WILLIAMS: Well, I will start by saying, I am not an expert when it comes to technology and I can barely work my phone, but I know from conversations with the crew that one of the things they knew was that ropes were going to be a challenge. Ropes are notoriously challenging in animation because there's no give to them, there's no flexibility to them. And I know firsthand from Moana that the ropes on Moana's boat almost sank the whole movie. And there was only 10 ropes on her boat. Now you go to these tall ships, there's literally hundreds of ropes. The good thing is the folks at Sony Imageworks, they knew that was going to be a challenge. And so, they attacked it early on, and it was never really that much of a thing.

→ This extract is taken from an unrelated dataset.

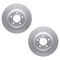 Dynamic Friction 4612-31021 - Brake Kit - Geostop Rotors and 5000 Euro Ceramic Brake Pads with Hardware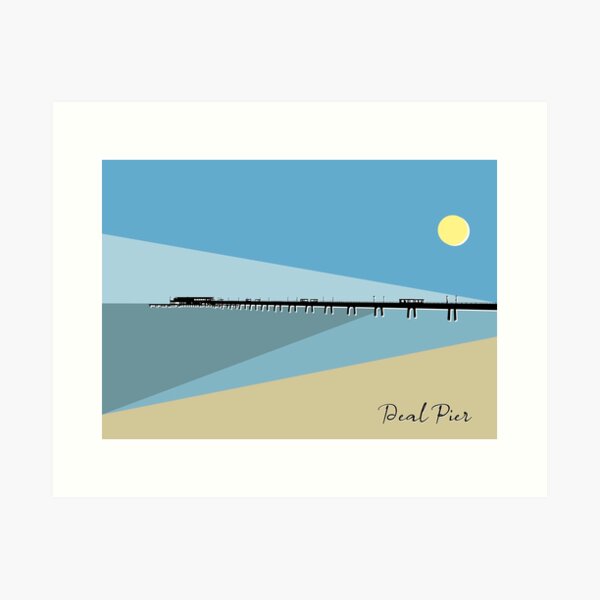 Item preview, Deal Pier Seafront Kent  designed and sold by OneThreeSix.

But I know the thing that kind of blindsided us as far as a technical challenge was the sails themselves and how they filled with wind, because we wanted to get that right. We always knew the wind direction in all of our scenes. And we always wanted the maneuvering of the ship to be accurate. And the sails had to behave accordingly. That was one of those ones where they hadn't done that kind of thing before. And so, that was a new challenge and took a long time before we were able to look at a ship where the sails filled with wind where it looked right. And that was the touchiest thing for us, where we just couldn't get these sails to work.

It was relatively late in the game where we finally did. And then it was this big hallelujah moment. There was a wide shot of the ship that you see fairly early on in the first, in the opening battle scene where the ship was... You could see the complete ship, wide shot, sails filled with wind, and it was a party. It was a celebration, "Hallelujah. We can do it." Of course, in the course of the story, it just kind of breezes on by and the audience may not take note of it, but it was meaningful for us. And so, now for the folks at Sony, they would be able to fill sails of wind all day long.

On that note, I need to stop. I'm just going to say congrats on making a great film. And I really hope it's a huge hit for you guys.

WILLIAMS: Thank you so much. Thank you for your support. It means a lot.